**PROBLEM REQUIREMENTS:** Line by line, transcribe the data below exactly and pass over the images.

**EXERCISE INPUT:**
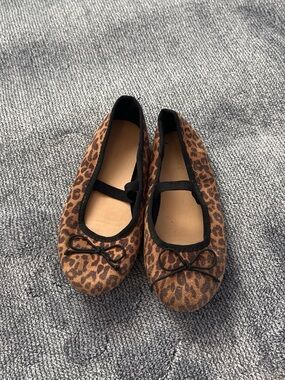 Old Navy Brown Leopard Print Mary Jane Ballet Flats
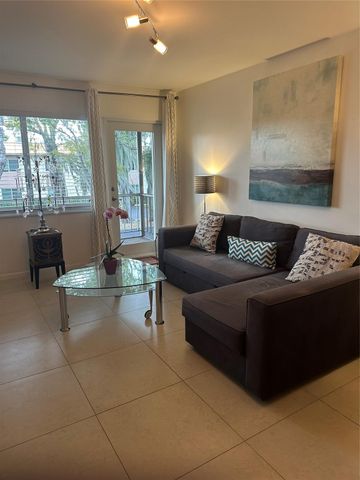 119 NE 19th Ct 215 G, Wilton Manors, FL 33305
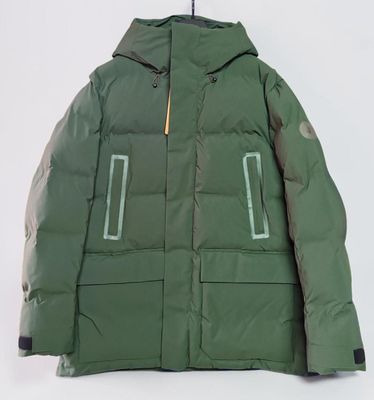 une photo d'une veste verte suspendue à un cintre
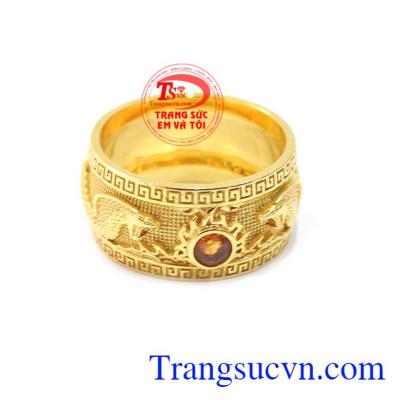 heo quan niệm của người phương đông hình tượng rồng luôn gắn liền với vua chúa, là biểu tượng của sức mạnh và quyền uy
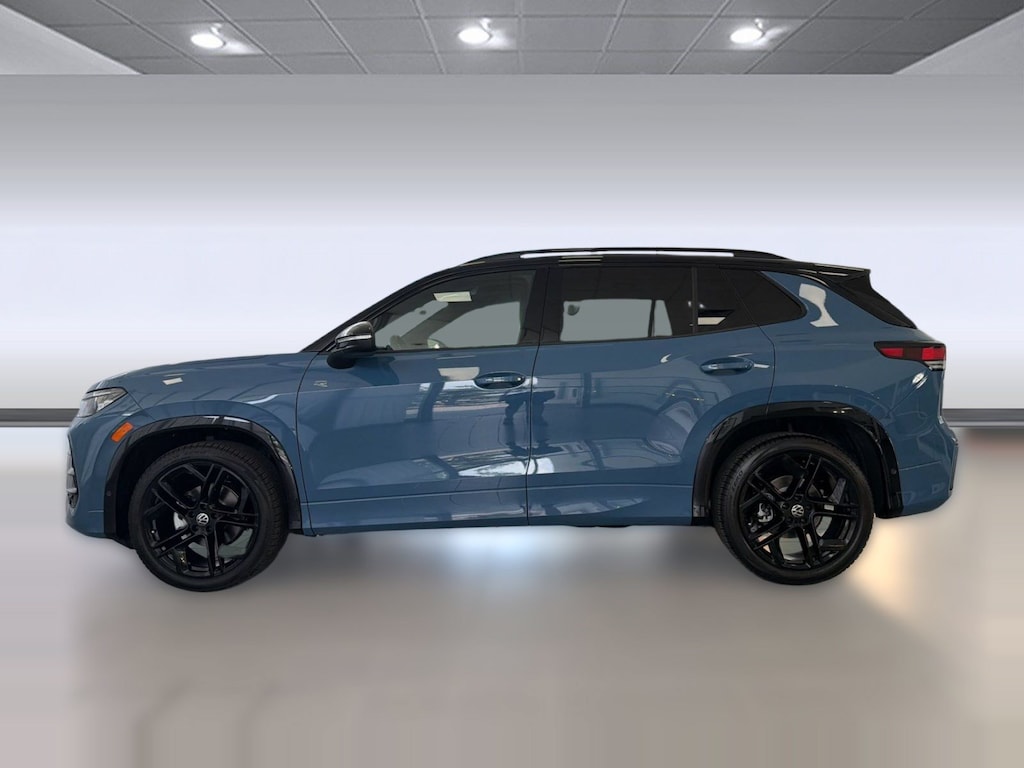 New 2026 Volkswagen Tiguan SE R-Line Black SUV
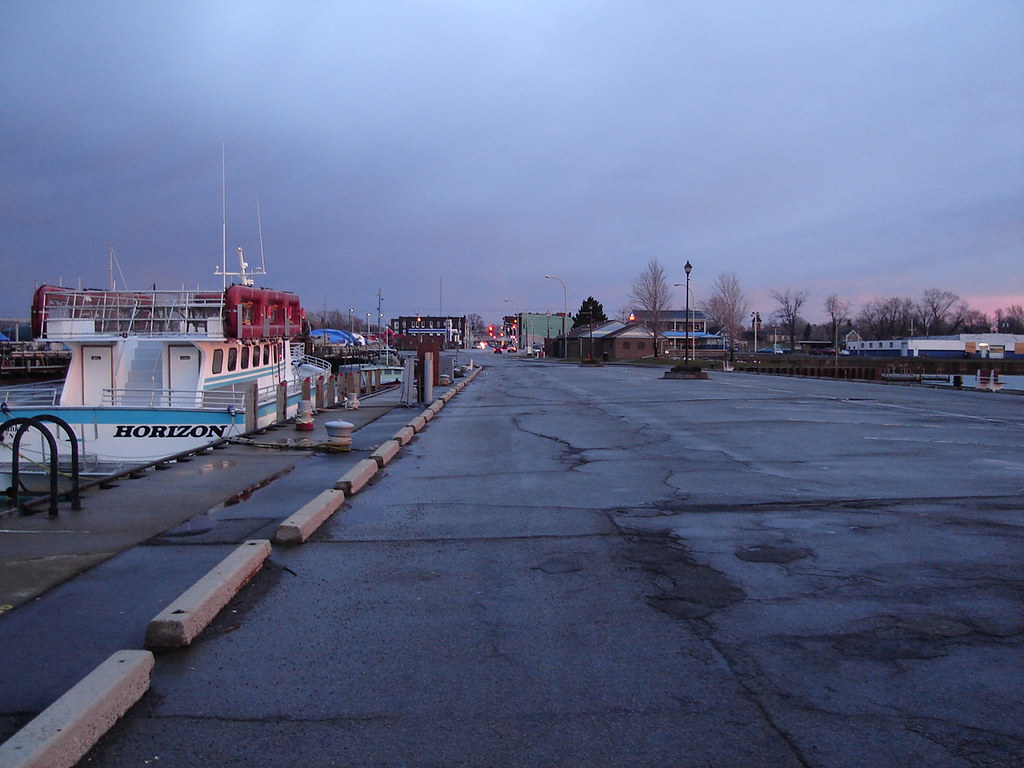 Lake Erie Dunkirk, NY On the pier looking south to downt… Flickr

**RESPONSE TO THE TASK:**
 Old Navy Brown Leopard Print Mary Jane Ballet Flats
 119 NE 19th Ct 215 G, Wilton Manors, FL 33305
 une photo d'une veste verte suspendue à un cintre
 heo quan niệm của người phương đông hình tượng rồng luôn gắn liền với vua chúa, là biểu tượng của sức mạnh và quyền uy
 New 2026 Volkswagen Tiguan SE R-Line Black SUV
 Lake Erie Dunkirk, NY On the pier looking south to downt… Flickr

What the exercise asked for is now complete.